Tuesday, June 13, 2006

Suicide Bombs—Biggest US Threat

A survey of 117 foreign policy and experts has determined that “suicide bombs rather than chemical, biological or nuclear weapons are the most serious threat to the United States.”[1] Indeed, suicide bombings have “accelerated sharply since the September 11 attacks … with hundreds of people killed in Indonesia, Jordan, Israel, Madrid, … London” and Iraq.[2]

The survey of 117 people, conducted by Foreign Policy and the Center for American Progress, found that suicide bombs “were rated the most likely method of attack by 67 percent of those surveyed.”[3] Radiological devices (“dirty” bombs) were in second place at 20 percent, followed by chemical weapons (10 percent), biological weapons (9 percent), and nuclear weapons (6 percent).[4]

The survey—which picked the brains of academics, retired military officers, think tank analysts and former administration, foreign service and intelligence officers—was described as “the first of an annual series to establish a ‘terrorism index.’” The subjects of the survey also believe that an “attack on the scale of the 2005 London or 2004 Madrid bombings—[in which] 56 and 192 people [were] killed respectively—is likely to take place in the United States within the next five years, and 79 percent expect another attack on the scale of 9/11, in which almost 3,000 people were killed.[5]

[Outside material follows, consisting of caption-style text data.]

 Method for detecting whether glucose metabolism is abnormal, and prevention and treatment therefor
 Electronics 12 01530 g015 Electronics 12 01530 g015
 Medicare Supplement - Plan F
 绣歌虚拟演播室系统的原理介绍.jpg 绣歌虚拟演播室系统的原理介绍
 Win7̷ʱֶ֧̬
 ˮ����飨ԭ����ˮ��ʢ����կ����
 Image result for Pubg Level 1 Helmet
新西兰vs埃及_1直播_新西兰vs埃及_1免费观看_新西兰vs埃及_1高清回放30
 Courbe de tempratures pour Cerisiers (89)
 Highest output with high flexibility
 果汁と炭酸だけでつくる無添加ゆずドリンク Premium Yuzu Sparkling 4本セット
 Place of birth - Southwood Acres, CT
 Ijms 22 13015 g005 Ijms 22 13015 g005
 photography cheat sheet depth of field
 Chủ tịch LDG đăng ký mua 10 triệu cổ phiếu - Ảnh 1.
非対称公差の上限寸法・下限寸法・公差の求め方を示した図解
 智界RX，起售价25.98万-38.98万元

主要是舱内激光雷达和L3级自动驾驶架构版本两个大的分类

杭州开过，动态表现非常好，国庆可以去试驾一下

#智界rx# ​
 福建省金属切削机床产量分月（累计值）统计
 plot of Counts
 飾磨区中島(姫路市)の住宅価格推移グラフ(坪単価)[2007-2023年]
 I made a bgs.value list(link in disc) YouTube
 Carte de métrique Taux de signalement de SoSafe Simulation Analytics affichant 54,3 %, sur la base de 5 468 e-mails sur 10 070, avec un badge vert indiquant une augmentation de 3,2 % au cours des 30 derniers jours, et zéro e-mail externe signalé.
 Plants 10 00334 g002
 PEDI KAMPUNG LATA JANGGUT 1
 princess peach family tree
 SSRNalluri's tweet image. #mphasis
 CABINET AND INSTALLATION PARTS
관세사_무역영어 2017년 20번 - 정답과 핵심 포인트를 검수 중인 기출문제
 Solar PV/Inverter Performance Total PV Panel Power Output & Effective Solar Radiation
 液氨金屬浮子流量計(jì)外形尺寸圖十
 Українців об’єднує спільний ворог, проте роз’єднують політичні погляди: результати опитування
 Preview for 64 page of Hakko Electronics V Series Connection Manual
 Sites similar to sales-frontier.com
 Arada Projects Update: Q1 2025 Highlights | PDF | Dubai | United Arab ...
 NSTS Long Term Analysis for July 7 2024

For the public, however, it seems that terrorism is far from the most important thing: according to a May CBS poll, only five percent of Americans see terrorism as the most important issue in the United States, trailing far behind the war in Iraq, the economy, immigration, and gasoline prices.[6] And the public also has an extremely disparate view of US success from that of the experts; while 56 percent of the public thinks the US is winning the “war on terror,” only 13 percent of the experts believe as such.[7] Furthermore, while only 44 percent of the public believe that the war in Iraq is having a negative impact on the war on terror, 87 percent of the experts think that Iraq is not helping.[8] The latter view is shared by a British think thank, the Oxford Research Group, which states that “[t]he government’s obsession with the ‘war on terror’ is counterproductive and distracting politicians from more fundamental threats to global security.”[9]



[1] Bernd Debusmann, , Reuters, Jun. 13, 2006.
[2] Id.
[3] Id.
[4] Id.
[5] Id.
[6] Id.
[7] Id.
[8] Id.
[9] Richard Norton-Taylor, , Guardian (UK), Jun. 12, 2006.